The Blue Crystal Rod
Im April 2025 kam die erste englische Übersetzung von Supper für The Blue Crystal Rod heraus. Das Spiel erschien im Original 1994 ausschließlich in Japan und stammt aus dem Hause Namcot. Das Spiel ist der Nachfolger von The Return of Ishtar, welches wiederum der Nachfolger von The Tower of Druaga ist. Alles Spiele, die für andere Systeme erschienen sind. Kann man endlich mit der Übersetzung den Anschluss an diese Spielreihe finden?
Atmosphäre / Story
Direkt zu Beginn scheinen die Helden des Vorgängerspiels ihr Abenteuer fortzusetzen. Das ist ein merkwürdiger Einstieg, für jeden der die vorigen Spiele nicht kennt. Doch so kompliziert ist die Handlung nicht, man findet schon irgendwie rein.


Hinsichtlich der Inszenierung wird nicht viel animiert, aber es werden außerordentlich viele Grafiken benutzt, um Cutscenes zu simulieren, was recht gut gelingt.
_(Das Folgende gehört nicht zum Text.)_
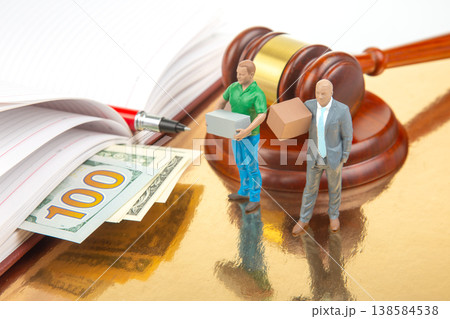 Miniature people stand by gavel and money while holding boxes in a legal setting involving commerce Miniature people stand by gavel and money while holding boxes in a legal setting involving commerce 138584538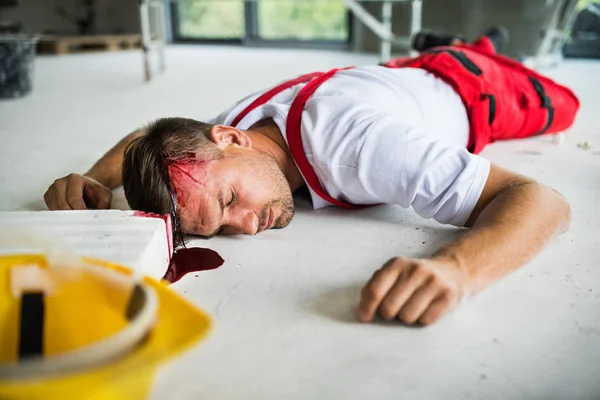 En medvetslös man arbetare liggande på golvet efter olycka på byggarbetsplatsen. — Stockfoto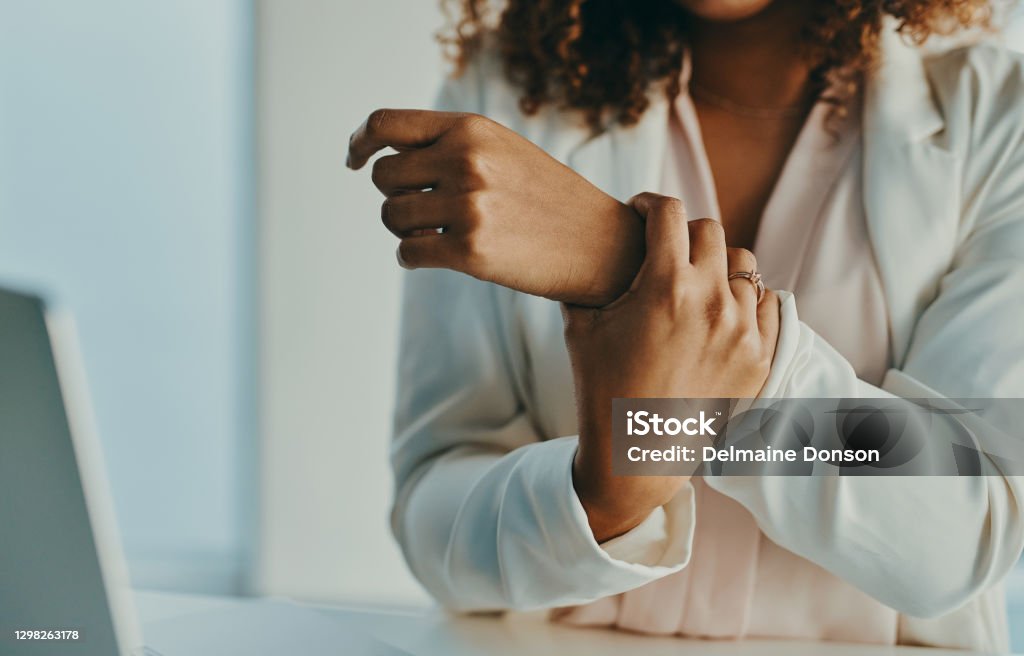 My wrist needs a bit of rest Shot of an unrecognisable businesswoman experiencing wrist pain while working in a modern office Pain Stock Photo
Somit hat man oft Sequenzen die an Slideshows erinnern und einen guten Detailgrad bieten. Leider bietet die Handlung sehr wenig Substanz, was im Adventure Genre gar nicht gut ist. Überwiegend geht es darum Gegenstände zu finden, weil das irgendwie hilft und ich hab schon wieder vergessen wozu… weil alles dramaturgisch so belanglos hingetextet wird und das liegt nicht an der hervorragend gelungenen Übersetzung!
3 / 5
Grafik
Verglichen mit einigen Dungeoncrawler RPGs, welche eine ähnliche Perspektive nutzen, ist The Blue Crystal Rod deutlich angenehmer zu betrachten. Dies funktioniert so gut, weil ein großer Teil des Bildschirms für Rahmen und Texte reserviert ist, dadurch kann der kleine Umgebungsausschnitt halbwegs detailliert aussehen.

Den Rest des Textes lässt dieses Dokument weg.